В том, чтобы обеспечить права индустриалов и путем соответствующего законодательства создать наилучшие условия для экономического развития страны. Если бы идейные вожди революции поняли это, они не стали бы рассуждать о «наиболее совершенных законах», а просто-напросто постарались бы «издать законы, лучше всего обеспечивающие благосостояние земледелия, торговли и промышленности» («Об индустриальной системе», т. V, стр. 145). Так и произошло бы, если бы революцию возглавили те элементы населения, интересам которых она должна была служить, — фабриканты, финансисты, земледельцы, ученые. Но, поглощенные своими работами, они отстранились от самостоятельной роли и предоставили политическое руководство двум «классам», наименее для этого пригодным, — юристам и отвлеченным мыслителям. Революция сбилась со своего настоящего пути и вместо индустриального строя привела сначала к террору, а потом к Наполеону.

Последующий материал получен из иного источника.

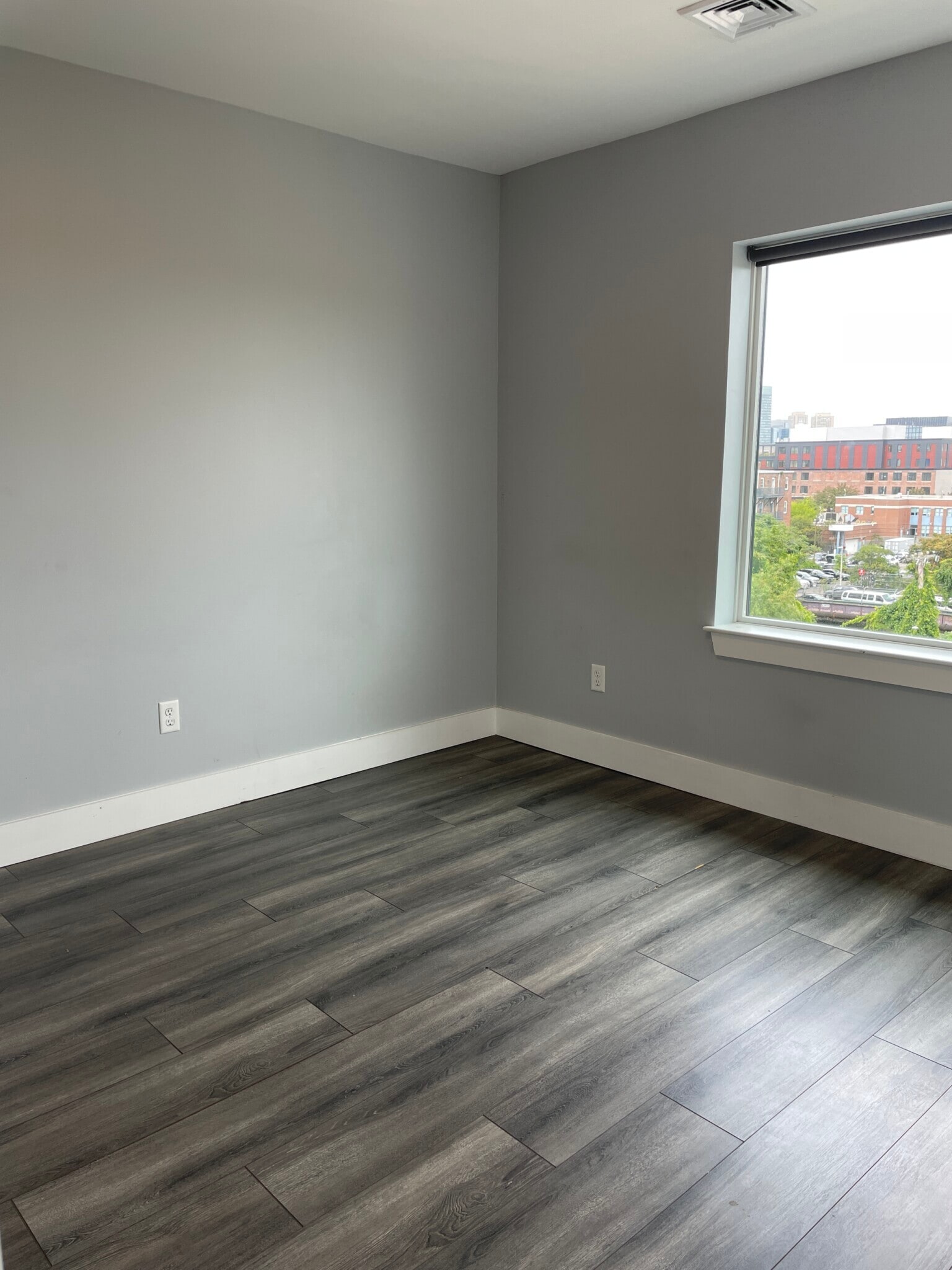 Building Photo - 40 B St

По мнению юристов и отвлеченных философов, — людей, «привыкших принимать форму за содержание и слово за вещь», — истинная задача общества — обеспечить наибольшую свободу его членам. Декларация прав человека и гражданина, ниспровержение королевской власти, — все вытекало из этого общего принципа. А между тем свобода сама по себе никогда не может являться целью человеческого общежития. «Свобода, рассматриваемая с истинной точки зрения, есть следствие цивилизации, прогрессивной, подобно ей, но она не может быть целью этой последней. Люди объединяются не для того, чтобы быть свободными. Дикари объединяются для охоты, для войны, но не для того, чтобы обеспечить себе свободу, ибо в таком случае им лучше было бы остаться одинокими. Нужна цель деятельности, — повторяю я, — а этой целью не может быть свобода, ибо она эту цель предполагает. Истинная свобода заключается не в том, чтобы, состоя в ассоциации, оставаться со скрещенными на груди руками, если этого хочешь… она, наоборот, заключается в том, чтобы без помех и со всей возможной широтой развивать материальные или духовные способности, полезные для ассоциации.
Заметим, что по мере прогресса цивилизации в соответствующей степени увеличивается и разделение труда как в материальной, так и в духовной области. Отсюда неизбежно вытекает, что люди, взятые в отдельности, начинают меньше зависеть друг от друга, но каждый из них начинает тем более зависеть от всей массы… А между тем смутная и метафизическая идея свободы, как ее понимают ныне, чрезвычайно сильно помешала бы воздействию массы на отдельных индивидуумов. С этой точки зрения она оказалась бы враждебной развитию цивилизации и созданию упорядоченной общественной системы, которая требует, чтобы части были тесно связаны с целым и друг с другом» («Об индустриальной системе», т. V, стр. 16).